Slashdot Mirror


How Do You Store and Reconcile Email Archives?

heyitsjustme wants to know how you deal with old email. "I delete most of what I get but keep the stuff from friends and relations as an archive. Unfortunately I have these email archives from the late 80's through today in the form of macintosh, linux and windows mailboxes including AOL 1.0 mailboxes. What does everyone use to archive email across multiple platforms and non-standard mailbox formats? Is there an easy solution out there? Does anyone archive IM?"

1 of 380 comments (clear)

  1. How I do it by Matt+Perry · · Score: 5, Informative
    I use a procmail recipe to archive my mail. I put it after filtering mailing lists and before I filter spam:

    OLDMAILDIR = $MAILDIR
    MAILDIR = $ARCHIVE_DIR
    :0 cW: archive.lock
    | /bin/gzip >>mailarchive-`date +%Y%m`.gz
    MAILDIR = $OLDMAILDIR

    I use grepmail to find old emails that I might need. Grepmail lets you use perl regular expressions to find messages and then outputs the entire message where a match was found. You can use grepm to open grepmail matches as a mailbox in mutt. grepine does the same for Pine, which I use.

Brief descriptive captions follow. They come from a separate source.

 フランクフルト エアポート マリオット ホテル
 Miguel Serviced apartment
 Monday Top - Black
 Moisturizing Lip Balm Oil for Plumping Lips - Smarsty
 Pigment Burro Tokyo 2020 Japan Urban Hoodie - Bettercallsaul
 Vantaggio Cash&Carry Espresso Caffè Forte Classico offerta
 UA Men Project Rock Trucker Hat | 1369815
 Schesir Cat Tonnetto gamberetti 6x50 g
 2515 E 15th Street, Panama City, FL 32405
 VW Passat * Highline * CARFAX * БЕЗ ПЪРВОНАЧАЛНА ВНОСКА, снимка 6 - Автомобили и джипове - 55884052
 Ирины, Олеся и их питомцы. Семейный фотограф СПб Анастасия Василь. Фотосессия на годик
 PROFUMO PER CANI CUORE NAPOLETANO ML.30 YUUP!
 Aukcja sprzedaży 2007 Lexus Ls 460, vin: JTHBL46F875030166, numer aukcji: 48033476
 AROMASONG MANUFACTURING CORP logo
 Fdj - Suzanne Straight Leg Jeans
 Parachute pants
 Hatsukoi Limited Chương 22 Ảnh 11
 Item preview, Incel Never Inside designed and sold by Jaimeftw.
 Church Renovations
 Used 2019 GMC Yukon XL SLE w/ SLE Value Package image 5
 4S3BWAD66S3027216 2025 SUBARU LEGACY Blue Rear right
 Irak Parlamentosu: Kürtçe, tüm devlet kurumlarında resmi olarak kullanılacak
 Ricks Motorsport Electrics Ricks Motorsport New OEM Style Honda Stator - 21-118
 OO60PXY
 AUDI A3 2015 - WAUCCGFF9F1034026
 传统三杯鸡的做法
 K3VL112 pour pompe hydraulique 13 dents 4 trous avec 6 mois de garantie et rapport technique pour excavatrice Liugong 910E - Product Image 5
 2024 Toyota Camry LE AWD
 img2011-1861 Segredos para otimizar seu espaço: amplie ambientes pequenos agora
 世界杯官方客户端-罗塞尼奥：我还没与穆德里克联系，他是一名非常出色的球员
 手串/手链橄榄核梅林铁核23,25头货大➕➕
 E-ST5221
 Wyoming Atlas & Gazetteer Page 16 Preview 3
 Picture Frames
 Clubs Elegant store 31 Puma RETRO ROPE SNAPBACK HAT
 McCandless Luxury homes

    At the end of each year I clean the spam out of my archives using a procmail recipe and spamassassin. This recipe marks messages as deleted in the mailbox. I open these in pine, sort by deleted, and double check them. Once I'm sure they're all spam, I delete them:

    # vim:ft=procmail:

    LINEBUF = 8192
    SHELL = /bin/sh
    MAILDIR = $HOME/mail

    :0 fW: spamclean.lock
    | spamassassin -e --prefs-file=/home/matt/.spamassassin/user_prefs-s pam_clean 2>/dev/null

    # If the message was deemed to be spam, set the status to "deleted" so that
    # we can delete it easily and optionally review it.
    :0 e
    {
    :0 fhw
    * ^^rom[ ]
    | sed -e '1s/^/F/'

    :0 f: formail.lock
    | formail -I 'X-Status: D'
    }

    # Fix the mangled "From" line
    :0 fhwE
    * ^^rom[ ]
    | sed -e '1s/^/F/'

    # Remove the last of the SpamAssassin headers
    :0 f: formail2.lock
    | formail -I 'X-Spam-Checker-Version'

    # File message in temporary mailbox
    :0: sandbox.lock
    z-cleaned_mbox

    The special spamassassin config turns off bayesian filtering and sets the threshold high:

    required_hits 15
    clear_headers
    fold_headers 0
    use_bayes 0
    The rest of the spam I clean out by hand.
    --
    Slashdot: Failed Car Analogies. Amateur Lawyering. Anecdote Battles.